Aleksandr completed his PhD at the Scott Polar Research Institute at the University of Cambridge, following earlier study in his native Russia and the United States. During his PhD, Aleksandr’s research focused on geophysical and geological investigations of high-latitude continental margins to reconstruct former ice-sheet behavior and understand long-term ice-ocean interactions in the Arctic and Antarctica.
Although empirical reconstructions are essential for understanding past changes to ice sheets, numerical ice-sheet simulations are needed to project future ice-sheet dynamics and associated changes to sea-level. Aleksandr therefore used the time in his Fellowship year to pivot into the computational and numerical modelling of ice sheets and ice masses with the Kingslake Group at Columbia University.

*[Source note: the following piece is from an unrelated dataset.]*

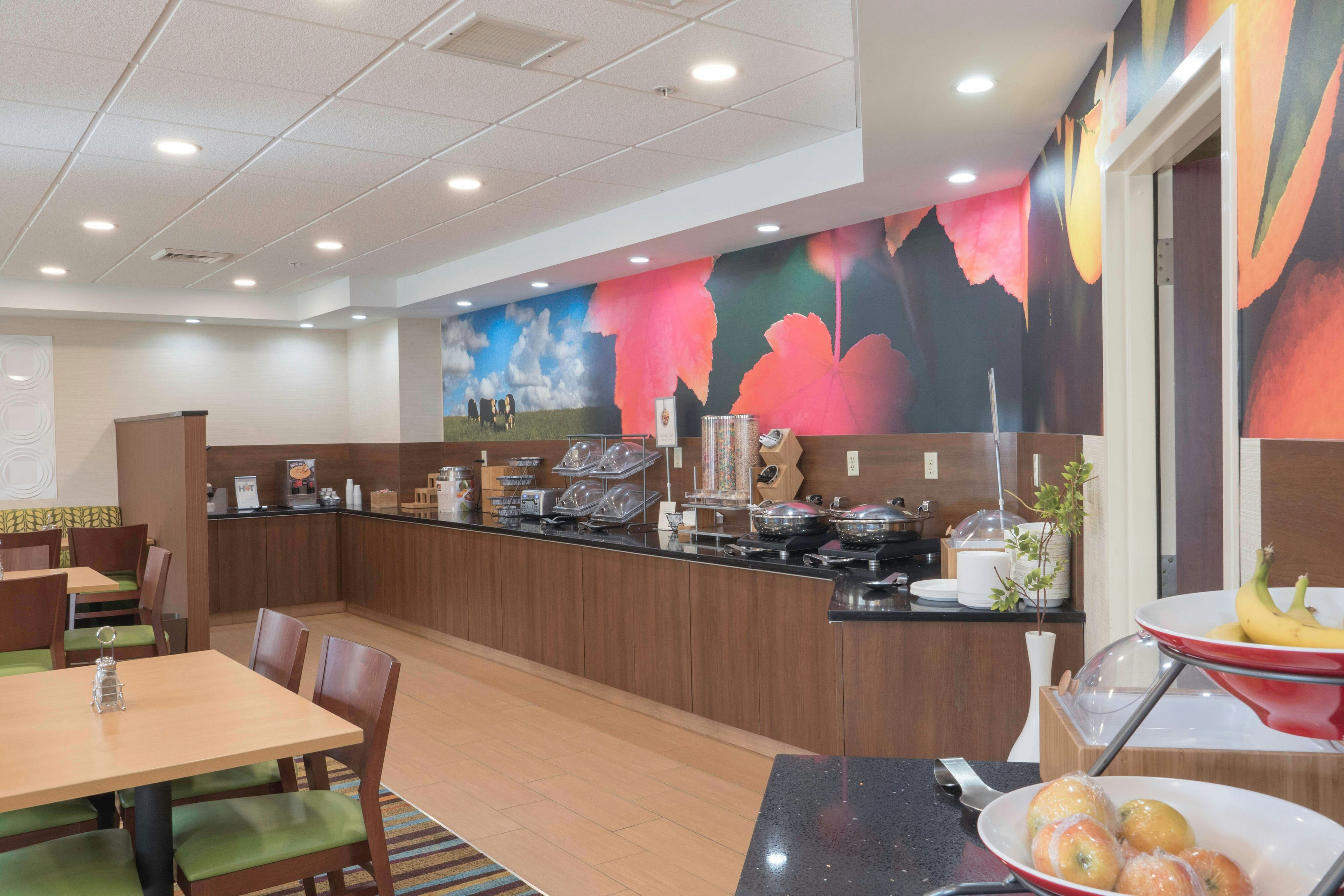 Fairfield Inn Suites Cleveland Streetsboro 32/36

Aleksandr’s placement was an opportunity to bridge the gap between the empirical and the numerical ice-sheet reconstructions, a bridge that is crucial for work towards a deeper understanding of how ice sheets are responding to changing environmental conditions and to predict their future evolution more accurately. Now, Aleksandr will continue his work as a Junior Research Fellow at Peterhouse, the University of Cambridge. In the hope to further our knowledge of glacial processes, his future projects will combine the already familiar empirical approaches with numerical modelling techniques that he acquired during his placement year.